== Segment start ==

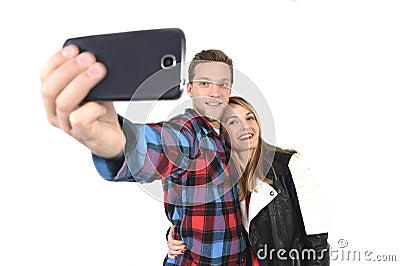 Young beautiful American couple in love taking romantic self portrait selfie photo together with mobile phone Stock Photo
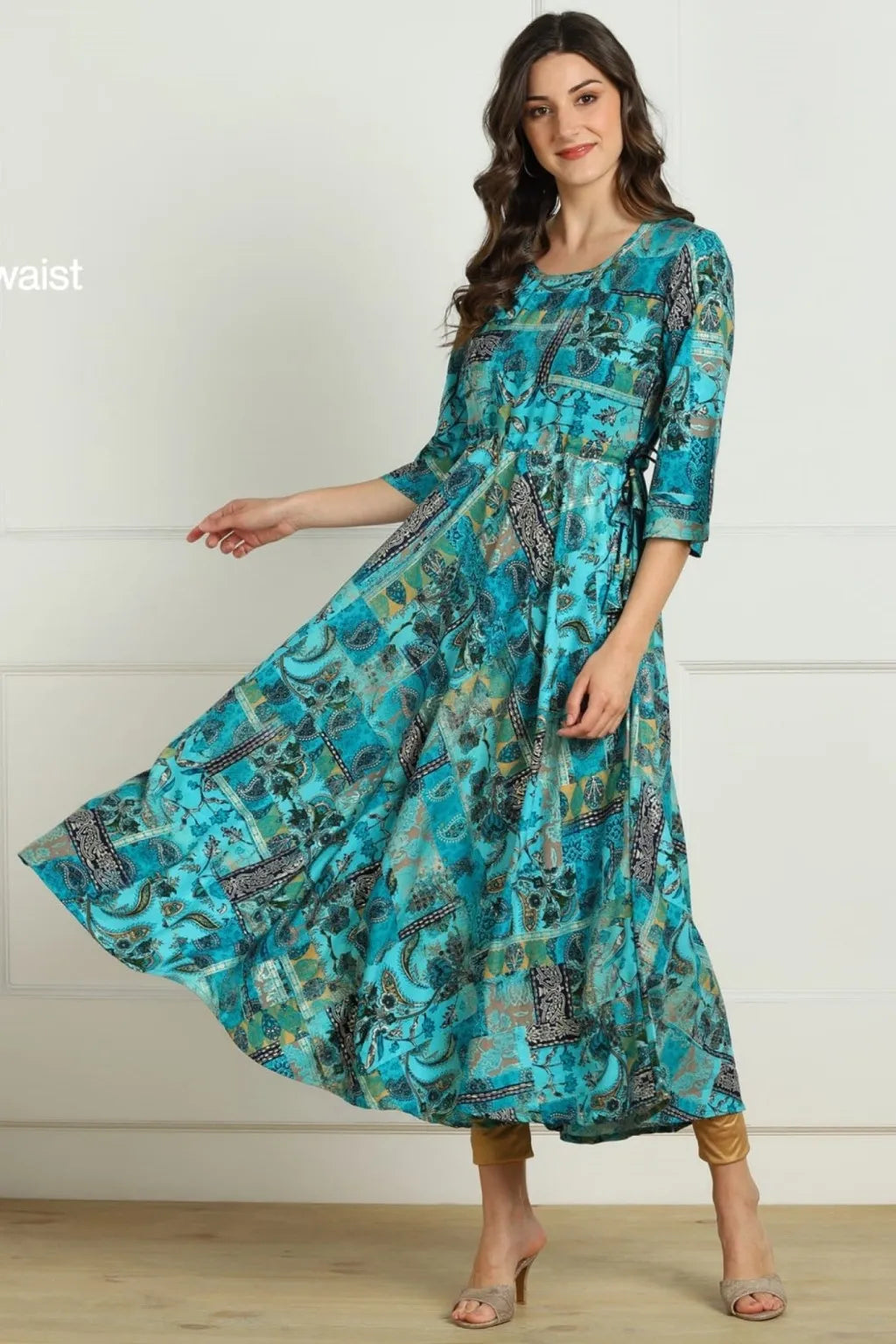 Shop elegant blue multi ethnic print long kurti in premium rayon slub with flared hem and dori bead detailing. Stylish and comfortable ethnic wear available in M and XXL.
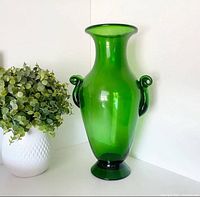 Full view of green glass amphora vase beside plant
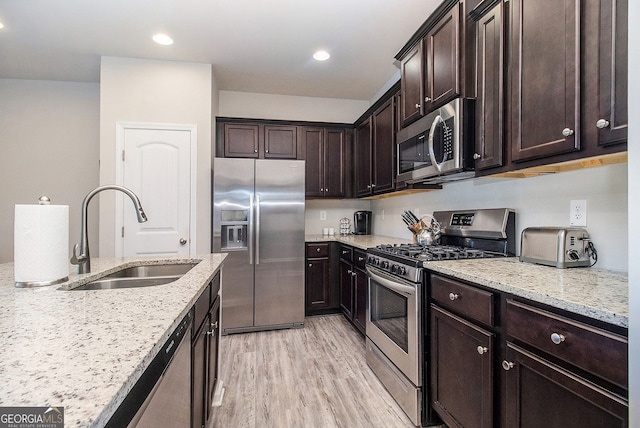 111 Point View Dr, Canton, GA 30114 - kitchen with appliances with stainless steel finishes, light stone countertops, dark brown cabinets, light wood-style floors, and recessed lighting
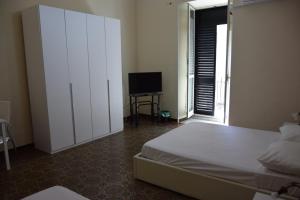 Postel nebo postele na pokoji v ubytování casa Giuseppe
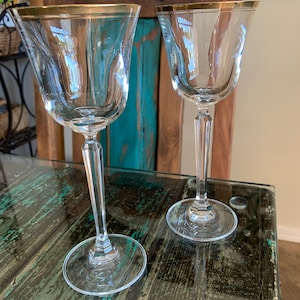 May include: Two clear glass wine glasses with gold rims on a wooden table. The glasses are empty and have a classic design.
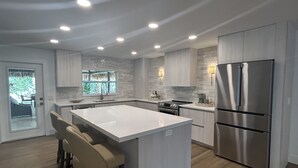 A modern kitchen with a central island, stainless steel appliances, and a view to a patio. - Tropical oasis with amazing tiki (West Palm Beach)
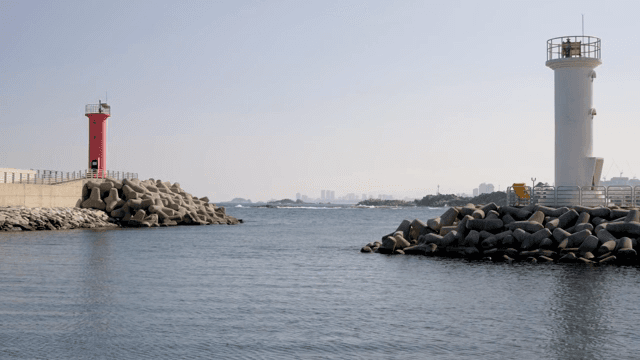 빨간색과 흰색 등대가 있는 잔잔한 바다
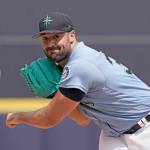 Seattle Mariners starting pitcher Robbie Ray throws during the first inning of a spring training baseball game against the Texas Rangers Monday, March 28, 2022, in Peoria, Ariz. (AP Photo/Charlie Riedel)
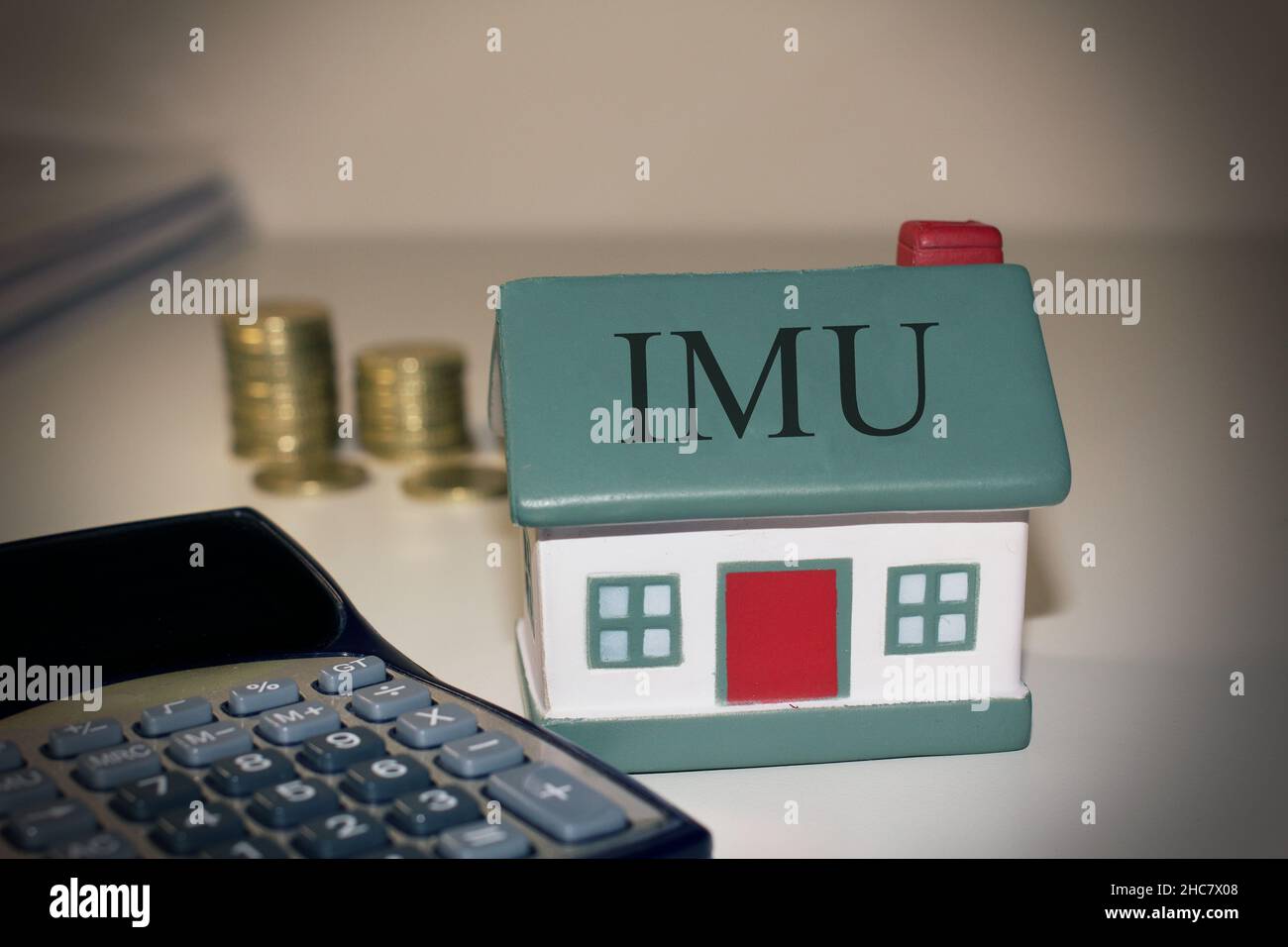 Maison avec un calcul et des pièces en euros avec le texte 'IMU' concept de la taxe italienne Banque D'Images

== Segment end ==
== Segment start ==

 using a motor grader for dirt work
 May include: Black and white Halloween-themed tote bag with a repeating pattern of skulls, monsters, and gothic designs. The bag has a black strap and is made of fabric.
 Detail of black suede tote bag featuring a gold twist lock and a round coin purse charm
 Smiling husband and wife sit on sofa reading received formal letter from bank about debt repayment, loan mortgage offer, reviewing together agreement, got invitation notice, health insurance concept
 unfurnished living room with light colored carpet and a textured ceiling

== Segment end ==
== Segment start ==

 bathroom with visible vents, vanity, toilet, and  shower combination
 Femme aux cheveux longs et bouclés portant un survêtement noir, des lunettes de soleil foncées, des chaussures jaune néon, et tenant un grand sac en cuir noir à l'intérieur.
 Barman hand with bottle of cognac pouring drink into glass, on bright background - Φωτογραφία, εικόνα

== Segment end ==

#### Task requirements:
Look above for the line with "빨간색과 흰색 등대가 있는 잔잔한 바다" and the line with "Maison avec un". Give again exactly those two lines and all lines between them, pictures excluded.

#### Result of the exercise:
 빨간색과 흰색 등대가 있는 잔잔한 바다
 Seattle Mariners starting pitcher Robbie Ray throws during the first inning of a spring training baseball game against the Texas Rangers Monday, March 28, 2022, in Peoria, Ariz. (AP Photo/Charlie Riedel)
 Maison avec un calcul et des pièces en euros avec le texte 'IMU' concept de la taxe italienne Banque D'Images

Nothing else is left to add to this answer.